A module where most of the module private data is associated with a queue (or a queue pair); but has some module global data that is mostly read. Use an inner perimeter for the queue (or queue pair) plus an outer perimeter for global data. Use qwriter to protect the sections where it modifies the module's global data (see qwriter).

inner and outer 

A module that requires higher concurrency for certain message types while not requiring message ordering. Use an inner perimeter for shared access to the put procedures. Use an outer perimeter for put procedures that require exclusive access. Use qwriter when messages are handled in the put procedures that require exclusive access (see qwriter).

inner and outer 

A hardware driver can use an appropriate set of inner and outer perimeters to restrict the concurrency in the open, close, put, and service procedures. With explicit synchronization primitives (mutex, condition variables, readers/writer, semaphore), these drivers restrict the concurrency when accessing the hardware registers in interrupt handlers. When designing such drivers, you need to be aware of the issues listed in MT SAFE Modules Using Explicit Locks.

inner and outer 

Several flags specify the inner and outer perimeters (see Table 12–2 and Table 12–3). These flags fall into three categories:

You configure the inner perimeter by choosing one of the mutually exclusive flags shown in Table 12–2.
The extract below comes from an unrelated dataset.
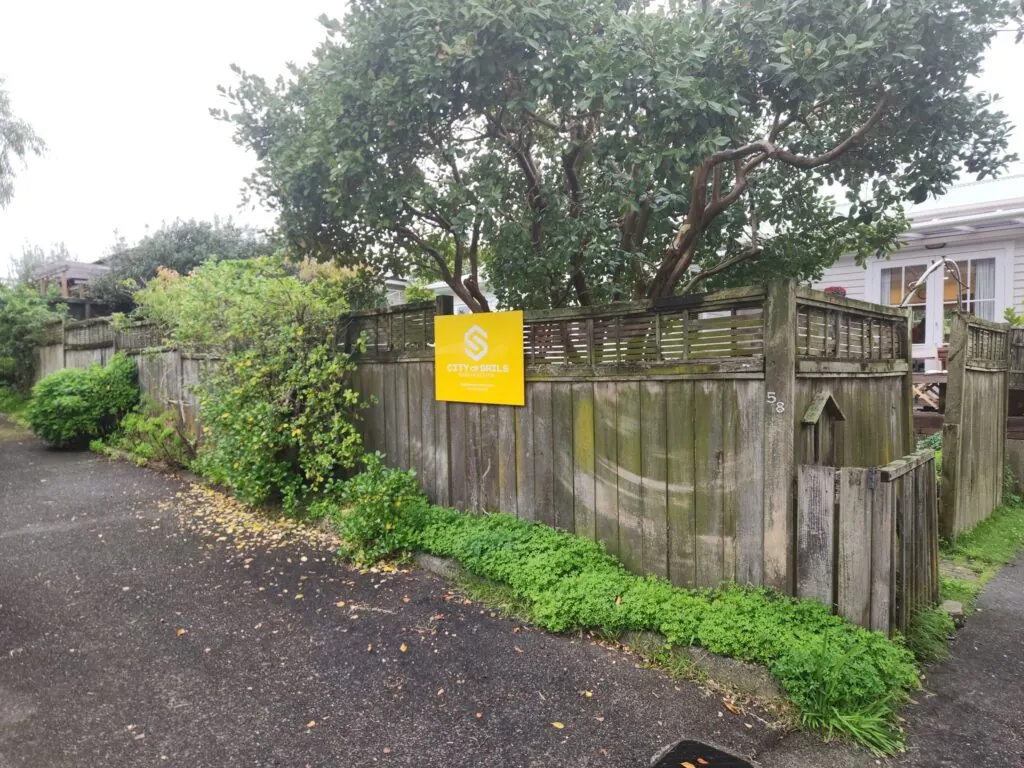 Before: Kwila vertical slat boundary fence in Avondale, West Auckland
Table 12–2 Inner Perimeter Flags

Flag 

Description 

D_MTPERMOD

The module has an inner perimeter that encloses all the module's queues 

D_MTAPAIR

The module has an inner perimeter around each read/write pair of queues 

D_MTPERQ

The module has an inner perimeter around each queue 

none 

The module has no inner perimeter 

Configure the outer perimeter using the flag shown in Table 12–3.

Table 12–3 Outer Perimeter Flag

Flag 

Description 

D_MTOUTEPERIM

In addition to an inner perimeter (or none), the module has an outer perimeter that encloses all the module's queues. This can be combined with all the inner perimeter options except D_MTPERMOD.

By default all synchronous entry points enter the inner perimeter exclusively and enter the outer perimeter shared. To modify this behavior use the flags shown in Table 12–4.

Table 12–4 Modify Exclusive/Shared Access Flags

Flag 

Description 

D_MTOCEXCL

open/close entry points are synchronous.

D_MTPUTSHARED

put/putnext entry points are asynchronous

_D_MTOCSHARED

open/close entry points are asynchronous (experimental)

_D_MTCBSHARED

callbacks (via qtimeout, qbufcall) are asynchronous (experimental)

_D_MTSVCSHARED

service procedures are asynchronous (experimental)


Caution – Caution –

Hardening Information. Concurrency flags designated with a preceding underbar “_” are experimental, and their behavior might change in the future and should not be relied upon.